According to Karl Zinsmeister’s Boots on the Ground, Saddam’s father abandoned him before he was born. His mother went to her brother’s house near Tikrit to give birth, and then abandoned the baby, leaving him to be raised by his uncle’s family.
What are these kids like? Kids with reactive attachment disorder are exquisitely sensitive to the slightest injury to themselves, and completely oblivious to any harm they inflict on others. Listen to this account of Saddam’s trial: “Three witnesses testified about abuse they ... suffered in Hussein’s jails. Speaking from behind a curtain to conceal their identities, they gave long and chilling accounts of beatings and deprivation.
Hussein appeared more concerned with his own plight.”
This kind of child does whatever he thinks he can get away with, no matter the cost to other people. They lie if they think it is advantageous to lie. They steal if they can get away with it.

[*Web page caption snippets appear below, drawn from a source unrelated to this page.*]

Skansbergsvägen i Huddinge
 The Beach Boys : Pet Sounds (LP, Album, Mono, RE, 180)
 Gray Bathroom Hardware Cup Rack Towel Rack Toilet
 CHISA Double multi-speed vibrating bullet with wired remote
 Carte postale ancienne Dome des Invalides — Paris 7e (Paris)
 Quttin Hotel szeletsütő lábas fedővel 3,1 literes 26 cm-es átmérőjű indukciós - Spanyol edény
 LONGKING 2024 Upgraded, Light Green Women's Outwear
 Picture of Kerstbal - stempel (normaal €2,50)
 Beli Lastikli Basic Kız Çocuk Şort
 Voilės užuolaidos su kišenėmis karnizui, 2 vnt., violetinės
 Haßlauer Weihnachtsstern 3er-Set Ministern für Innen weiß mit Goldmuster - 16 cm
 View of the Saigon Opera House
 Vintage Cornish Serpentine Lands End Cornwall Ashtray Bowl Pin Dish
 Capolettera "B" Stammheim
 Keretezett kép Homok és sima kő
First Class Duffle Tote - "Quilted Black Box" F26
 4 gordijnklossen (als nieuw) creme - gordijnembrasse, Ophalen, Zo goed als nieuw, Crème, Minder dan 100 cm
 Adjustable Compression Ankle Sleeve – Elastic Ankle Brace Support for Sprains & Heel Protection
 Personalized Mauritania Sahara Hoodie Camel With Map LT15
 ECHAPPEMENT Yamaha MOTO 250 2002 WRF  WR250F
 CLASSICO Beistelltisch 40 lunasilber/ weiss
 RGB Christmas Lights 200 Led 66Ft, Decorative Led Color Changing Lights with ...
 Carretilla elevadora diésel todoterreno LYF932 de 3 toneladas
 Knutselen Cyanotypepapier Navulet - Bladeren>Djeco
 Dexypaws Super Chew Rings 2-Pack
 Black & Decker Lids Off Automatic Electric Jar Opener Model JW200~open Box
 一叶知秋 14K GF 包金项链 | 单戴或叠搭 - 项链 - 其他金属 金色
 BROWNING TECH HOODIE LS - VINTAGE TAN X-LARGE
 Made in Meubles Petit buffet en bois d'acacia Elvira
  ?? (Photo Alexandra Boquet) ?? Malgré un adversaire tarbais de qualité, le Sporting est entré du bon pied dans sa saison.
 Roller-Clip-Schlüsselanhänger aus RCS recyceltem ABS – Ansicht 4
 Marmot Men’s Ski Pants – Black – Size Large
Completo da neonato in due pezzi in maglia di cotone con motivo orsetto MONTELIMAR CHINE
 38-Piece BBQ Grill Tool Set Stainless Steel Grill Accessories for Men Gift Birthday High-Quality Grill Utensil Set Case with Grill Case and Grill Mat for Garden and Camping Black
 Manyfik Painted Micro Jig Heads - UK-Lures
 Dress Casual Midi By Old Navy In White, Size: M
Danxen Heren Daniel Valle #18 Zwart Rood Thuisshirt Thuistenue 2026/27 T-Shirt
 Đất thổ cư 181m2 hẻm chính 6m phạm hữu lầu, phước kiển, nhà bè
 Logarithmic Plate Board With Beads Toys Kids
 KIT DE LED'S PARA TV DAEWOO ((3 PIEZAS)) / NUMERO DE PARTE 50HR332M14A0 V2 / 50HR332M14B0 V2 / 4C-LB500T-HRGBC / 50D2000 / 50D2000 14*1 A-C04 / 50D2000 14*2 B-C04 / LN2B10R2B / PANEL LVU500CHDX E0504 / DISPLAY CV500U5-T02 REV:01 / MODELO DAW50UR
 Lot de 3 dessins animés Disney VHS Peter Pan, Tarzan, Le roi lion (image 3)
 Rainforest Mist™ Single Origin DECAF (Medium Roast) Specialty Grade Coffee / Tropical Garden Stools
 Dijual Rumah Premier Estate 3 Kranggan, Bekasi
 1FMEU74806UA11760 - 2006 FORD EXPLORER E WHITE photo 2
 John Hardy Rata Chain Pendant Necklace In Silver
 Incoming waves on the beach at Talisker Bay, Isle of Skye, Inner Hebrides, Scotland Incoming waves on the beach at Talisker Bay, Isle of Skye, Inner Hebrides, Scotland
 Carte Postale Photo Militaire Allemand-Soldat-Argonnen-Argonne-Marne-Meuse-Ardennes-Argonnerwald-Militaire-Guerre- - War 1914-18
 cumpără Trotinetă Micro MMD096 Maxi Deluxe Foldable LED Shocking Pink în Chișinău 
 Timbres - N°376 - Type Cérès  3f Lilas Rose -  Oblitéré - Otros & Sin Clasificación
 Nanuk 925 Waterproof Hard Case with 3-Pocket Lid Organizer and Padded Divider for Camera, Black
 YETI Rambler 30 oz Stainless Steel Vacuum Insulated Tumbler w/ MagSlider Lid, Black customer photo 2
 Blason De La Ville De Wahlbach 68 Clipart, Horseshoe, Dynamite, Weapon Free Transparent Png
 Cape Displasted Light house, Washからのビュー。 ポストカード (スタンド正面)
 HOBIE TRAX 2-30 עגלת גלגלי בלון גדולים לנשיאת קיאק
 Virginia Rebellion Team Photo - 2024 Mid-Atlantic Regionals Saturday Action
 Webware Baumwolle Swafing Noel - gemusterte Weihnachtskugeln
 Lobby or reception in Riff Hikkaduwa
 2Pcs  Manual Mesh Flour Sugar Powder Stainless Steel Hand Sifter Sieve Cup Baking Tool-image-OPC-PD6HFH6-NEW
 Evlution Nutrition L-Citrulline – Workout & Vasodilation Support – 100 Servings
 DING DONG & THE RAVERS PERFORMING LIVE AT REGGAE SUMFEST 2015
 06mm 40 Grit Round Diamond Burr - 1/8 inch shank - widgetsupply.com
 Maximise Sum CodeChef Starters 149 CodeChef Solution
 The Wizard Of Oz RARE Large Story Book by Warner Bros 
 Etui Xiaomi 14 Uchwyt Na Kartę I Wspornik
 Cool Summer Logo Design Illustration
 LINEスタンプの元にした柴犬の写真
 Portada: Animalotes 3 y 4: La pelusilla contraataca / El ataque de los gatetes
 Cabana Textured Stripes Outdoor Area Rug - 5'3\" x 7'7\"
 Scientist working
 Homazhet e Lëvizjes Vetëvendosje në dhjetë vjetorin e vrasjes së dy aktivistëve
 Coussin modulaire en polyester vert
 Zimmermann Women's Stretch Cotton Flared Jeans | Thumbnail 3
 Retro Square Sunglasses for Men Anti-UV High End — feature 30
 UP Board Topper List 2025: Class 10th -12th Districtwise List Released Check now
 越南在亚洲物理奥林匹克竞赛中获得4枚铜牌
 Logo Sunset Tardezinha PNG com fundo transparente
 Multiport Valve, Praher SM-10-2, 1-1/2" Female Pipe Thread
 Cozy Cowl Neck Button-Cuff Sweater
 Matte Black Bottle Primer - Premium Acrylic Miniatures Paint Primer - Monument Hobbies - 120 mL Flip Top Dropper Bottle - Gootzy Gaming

Think of the billions Saddam and his cronies siphoned from the Oil for Food program. Normal people can barely imagine stealing on that scale. But an attachment disordered child has to be monitored every minute. (Experienced and savvy parents call it, “line of sight supervision.” ) So because the world assumed Saddam was a normal guy, we set up the Oil for Food program without properly monitoring it. To add insult to injury, Saddam had the nerve to blame the embargo for starving Iraqi children, when he himself could readily have fed his people. That is chutzpah far beyond the imagination of a normal person.
These children often become sophisticated manipulators. Even if the child is eventually adopted by loving and competent parents, the behaviors may continue. Their adoptive parents are beside themselves over their child’s destructive, sneaky and manipulative behavior.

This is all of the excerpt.